CONSULTING AGREEMENT
This CONSULTING AGREEMENT (the “Agreement”), is made this 21st day of June, 2017, by and between Xxxx Xxxxxx, (the “Consultant”), and Ga-Du Corporation a Nevada corporation, a wholly owned subsidiary of Eco Science Solutions Inc. a Nevada corporation, or its assignee (the “Company”), both parties hereafter sometimes referred to together as the “Parties” and individually as a “Party”.
RECITALS
WHEREAS, Consultant has been involved with, assisted, and owned various businesses providing services to the Cannabis industry, as well as acting as an advisor to various State regulators concerning the Cannabis industry;
WHEREAS, the Company has purchased various enterprises relating to the Cannabis industry and the services required by that industry, as well as operating a business that is now providing various enterprise solutions and services to the industry (the “Businesses”);
WHEREAS, the Company and/or its affiliates require various advisory services and assistance with business development and marketing (hereafter “Services”) and desires to retain Consultant to provide the Services;
WHEREAS, Consultant desires to be retained and to provide the Services and to engage with the Company upon the terms hereafter set forth.
AGREEMENTS
NOW THEREFORE, for and in consideration of the mutual covenants contained herein and of the mutual benefits to be derived hereunder, and for other good and valuable consideration the receipt and sufficiency of which is hereby acknowledged, the Parties agree as follows:
1. Recitals. The above recitals are hereby incorporated in the body of this Agreement and made a mandatory part thereof.
2. Employment.

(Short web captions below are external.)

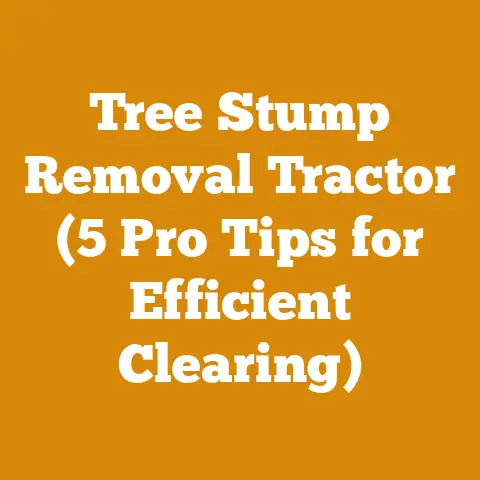 Tree Stump Removal Tractor (5 Pro Tips for Efficient Clearing)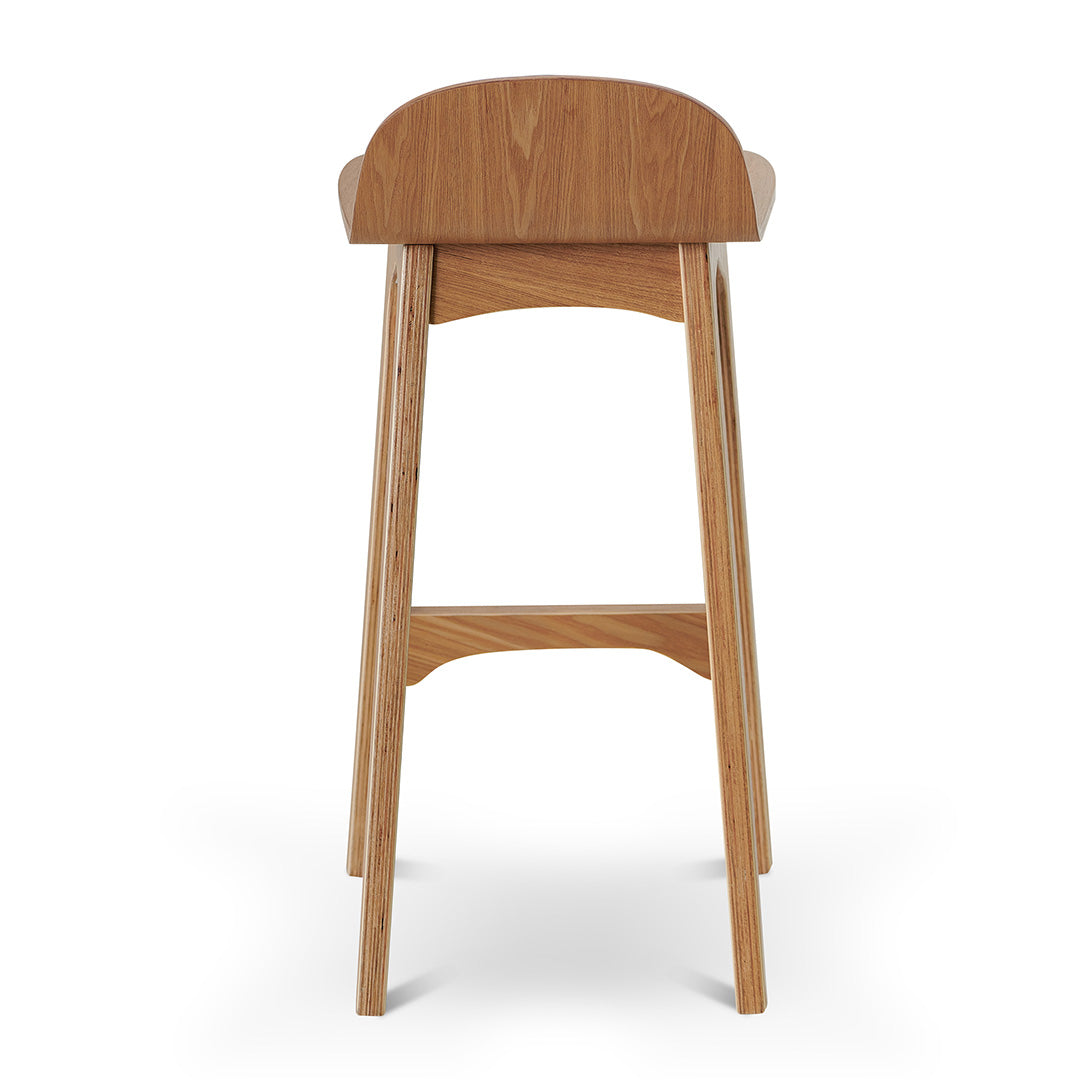 Connor 65cm Bar Stool - Natural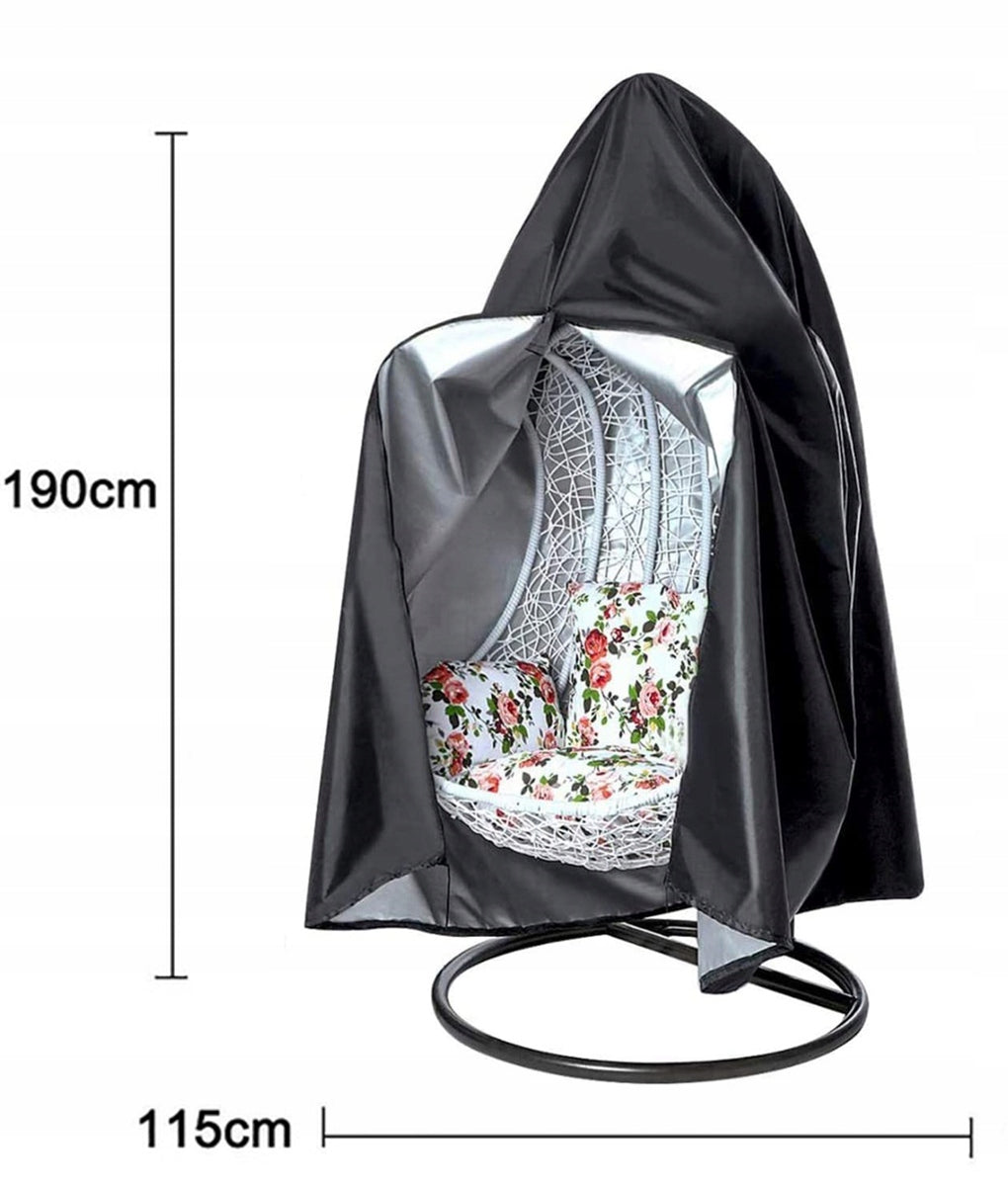 SEAT COVER HANGING BASKET COCOON SINGLE GARDEN SWING + BAG Color black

The Company or hereby retains the Consultant to perform the Services as generally described in Paragraph 3 of this Agreement, and Consultant hereby accepts and agrees to such engagement on the terms and conditions hereinafter set forth.
3. Term. The term of this Agreement shall commence on the 21st day of June 2017, and terminate upon the terms set forth hereafter two years thereafter (the “Term”), as follows:
(a) Consultant shall devote substantial effort to performing the Services during the Term of this Agreement; and,
(b) Consultant shall not be required to devote full-time efforts but shall put forth necessary efforts as determined between himself and the Board of Directors of the Company.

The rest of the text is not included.